はじめに
炭化ケイ素(SiC)は、モース硬度9、熱伝導率が高く脆性破砕を起こしやすい特性から、金属・セラミックス・硬脆材料の 研磨・ラッピングで広く用いられる代表的な研磨材です。特に粗~中仕上げ域で高い材料除去効率(MRR)を発揮し、工程短縮とターゲット 表面粗さの両立に寄与します。本稿では、粒度選定、スラリー条件、パッド/定盤、品質管理まで、現場実装に役立つ要点を体系化します。
SiC研磨の基本メカニズム
- 切削・微破砕:尖鋭なエッジで母材を剪断しつつ、自身は微細破砕してエッジを更新。
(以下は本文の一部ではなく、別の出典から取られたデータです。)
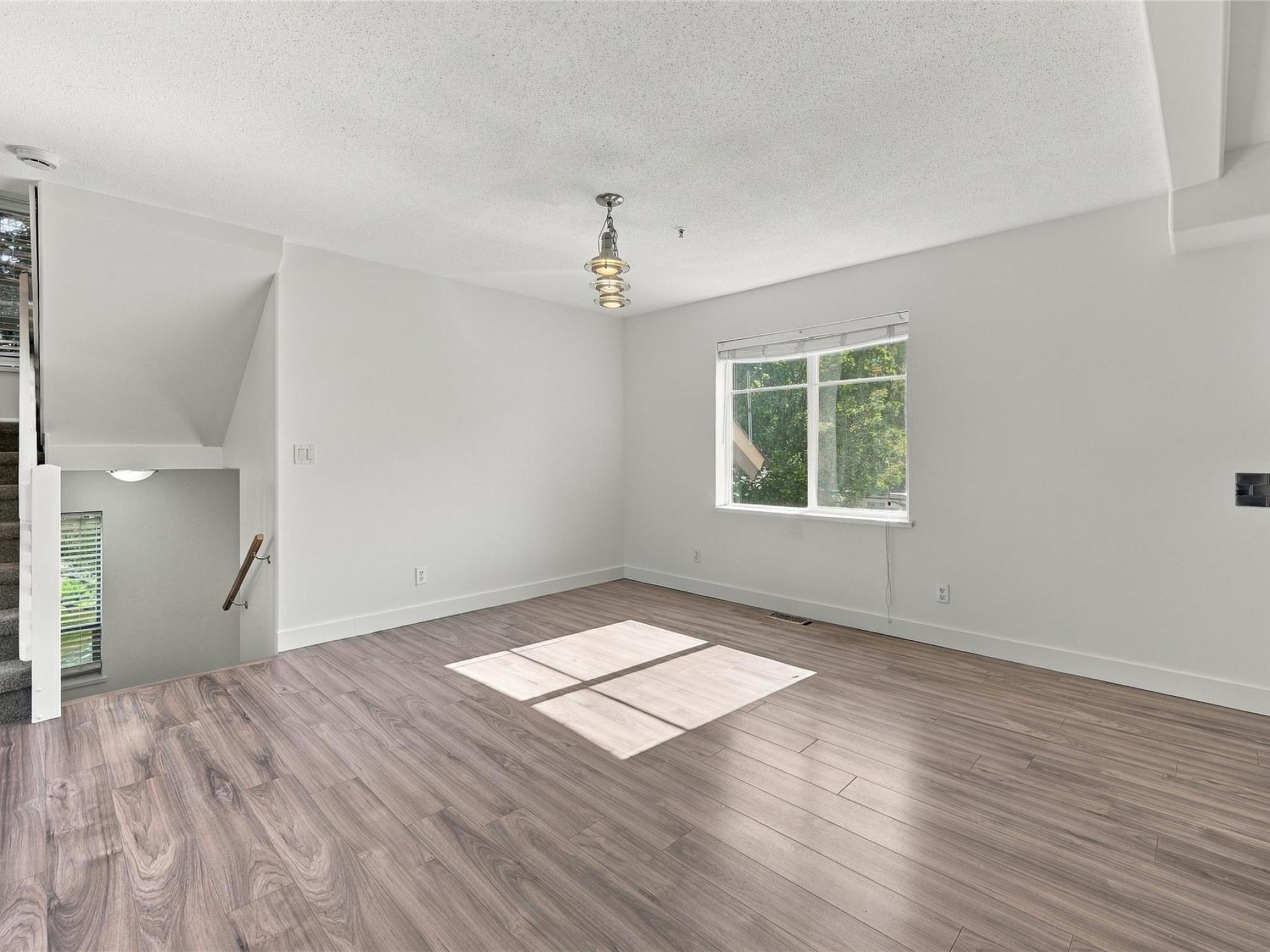 2-1449 Vine Road image 4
- 熱拡散:高い熱伝導で局所発熱を緩和。焼き付きや変質層を抑制。
- 材料適合性:鉄鋼・SUS・Ni基合金・SiC/Al₂O₃系セラミックス・硬質合金の粗~中仕上げに好適。
最終鏡面(Ra < 5 nm)を狙う最終工程は、一般に酸化セリウムや高純度アルミナ等の化学・機械作用が強い砥粒に委ねます。
粒度分布と表面粗さの関係
目標Ra/Rzに対して、平均粒径(D50)だけでなく粒度分布(D10–D90)が重要です。ワイド分布はMRR向上と引き換えに深いスクラッチを誘発、 ナロー分布は安定した粗さを得やすい反面、MRRは低下します。下表はFEPA F番手の目安と到達粗さの参考域です(材料・条件に依存)。
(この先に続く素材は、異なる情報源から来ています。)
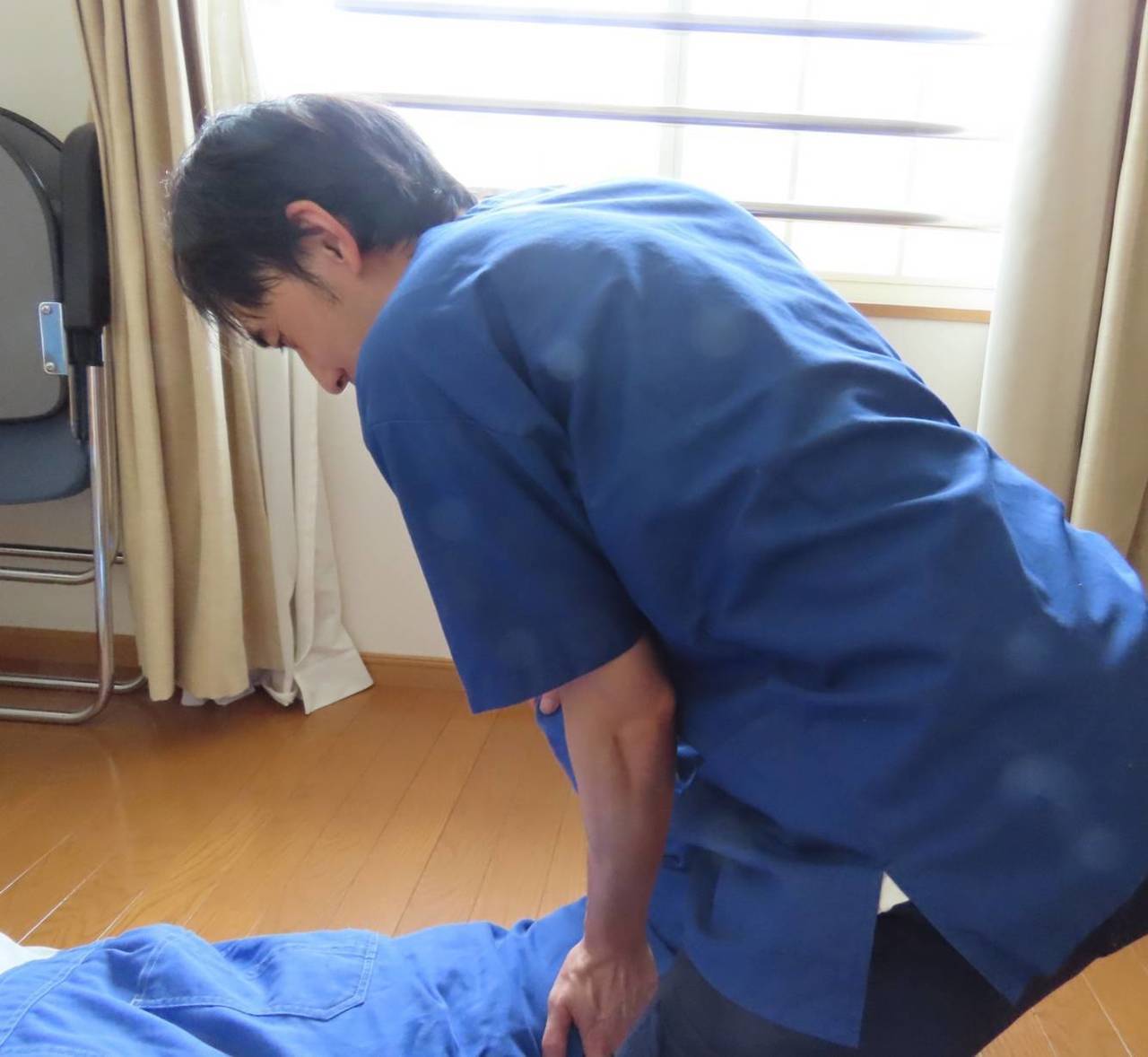 施術している写真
FEPA F 番手 | 代表粒径 D50 [µm] | 用途目安 | 到達表面粗さ目安 |
---|---|---|---|
F80–F120 | 200–125 | 荒研磨・バリ取り | Ra 1.5–3.0 µm |
F180–F240 | 82–58 | 中研磨・形状出し | Ra 0.6–1.2 µm |
F320–F400 | 36–23 | 仕上げ前段 | Ra 0.20–0.6 µm |
F600–F800 | 12–8 | 仕上げ | Ra 0.05–0.20 µm |
F1000–F1200 | 5–3 | 微細仕上げ/前工程 | Ra 0.02–0.08 µm |
- 黒色SiC:靭性高め、コスト効率良好、一般用に広く使用。
- 緑色SiC:純度・硬度が高く、硬質脆性材や微細仕上げで有利。
ラッピング vs 研磨(バフ/砥石)
ラッピング(定盤+スラリー)
- 長所:平面度/平行度を出しやすい、面粗さが安定。
- 短所:治具設計・定盤管理が必要、エッジダレに配慮。
- 推奨:SiC F400–F1000、濃度 5–20 wt%、荷重 3–20 kPa、線速 0.2–0.8 m/s。
研磨(固定砥粒・バフ)
- 長所:MRRが高い、量産性に優れる。
- 短所:砥石目・スクラッチの抑制が課題。
- 推奨:SiC砥石(レジン/ビトリファイド)で粒度を段階的にダウン。
プロセス設計:スラリー・定盤・条件出し
スラリー設計
- 濃度:5–20 wt%(粗研高め、仕上げ低め)。
- 分散:pH調整(6–8付近)、分散剤 0.1–0.5 wt%で再凝集を抑制。
- 媒体:水系が基本。油系は潤滑性は高いが清掃性に難。
定盤/パッド選定
- 鋳鉄定盤:粗~中仕上げでMRR良好。
- レジン/PUパッド:仕上げ域で面粗さ安定、スクラッチ低減。
条件最適化の指針
- 荷重:Raのばらつきとスクラッチを見て段階調整(過荷重は深傷を誘発)。
- 線速:0.2–1.0 m/sの範囲で発熱と除去のバランスを取る。
- 供給:スラリーは少量連続供給で安定化。かけ流し+攪拌を徹底。
品質管理(QC)とトラブル対策
- 粒度分布の受入検査:D10/D50/D90、比表面積、異物混入の有無。
- 表面粗さ・形状:Ra/Rz/Pa、平面度・うねり測定(接触式+白色干渉併用が理想)。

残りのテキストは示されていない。